Imidazole (140 mg, 2 mmol), TESCl (0.14 mL, 0.85 mmol), and DMAP (6 mg, 0.05 mmol) were added sequentially to a solution of 18 (290 mg, 0.53 mmol) in CH₂Cl₂ (10 mL). The cloudy solution was stirred 45 min until the TLC analysis showed complete conversion of the starting material.
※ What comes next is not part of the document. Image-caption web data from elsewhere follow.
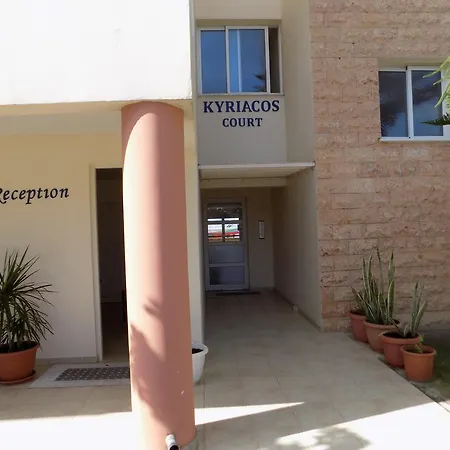 Gæstehus Kyriakos Court *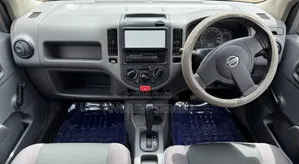 Nissan Advan 2009 White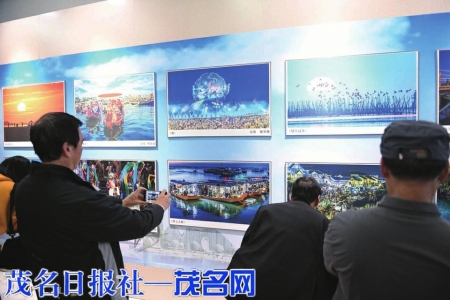 12月9日，北部湾风光风情摄影展观者如云。 李君光 摄<br>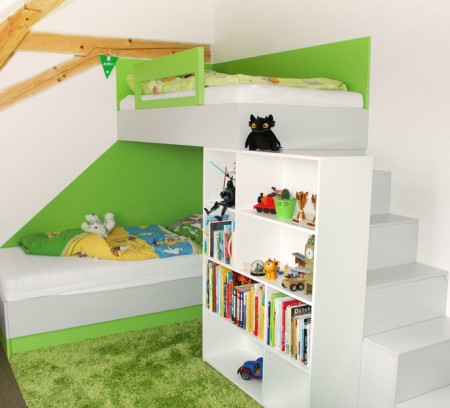Dětský pokoj pro dva kluky. Hlavním prvkem je blok s patrovou postelí, knihovnou, skříní a schůdky s úložným prostorem.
The reaction was quenched with the saturated solution of NH₄Cl (10 mL) and extracted three times with CH₂Cl₂. The organic layers were dried over MgSO₄ and filtered, and the solvent was evaporated under reduced pressure. Purification with deactivated (1% Et₃N) silica gel column chromatography with hexane/EtOAc (95:5) afforded S7 (300 mg, 86%) as a colorless oil. ¹H NMR (400 MHz, CDCl₃): δ 0.03 (s, 6H), 0.56–0.63 (m, 6H), 0.89 (s, 9H), 0.89–0.96 (m, 12H), 1.68 (dt, J = 6.6, 5.4 Hz, 2H), 1.89 (qd, J = 6.9, 3.2 Hz, 1H), 2.78 (dd, J = 16.3, 5.4 Hz, 1H), 2.95 (dd, J = 16.3, 6.6 Hz, 1H), 3.41 (dd, J = 9.8, 7.0 Hz, 1H), 3.59 (s, 3H), 3.61–3.67 (m, 2H), 3.80 (s, 3H), 4.31–4.38 (m, 1H), 4.39–4.51 (m, 2H), 5.58 (s, 1H), 6.83–6.88 (m, 2H), 7.22–7.26 (m, 2H). HRMS (ESI+) m/z: calcd for C₃₁H₅₆BrO₆Si₂ [M + H]⁺, 659.2793; found, 659.2762.

(5R,7S,8S,E)-1-Bromo-9-((tert-butyldimethylsilyl)oxy)-2-methoxy-7-((4-methoxybenzyl)oxy)-8-methyl-3-methylene-5-((triethylsilyl)oxy)non-1-ene (S8)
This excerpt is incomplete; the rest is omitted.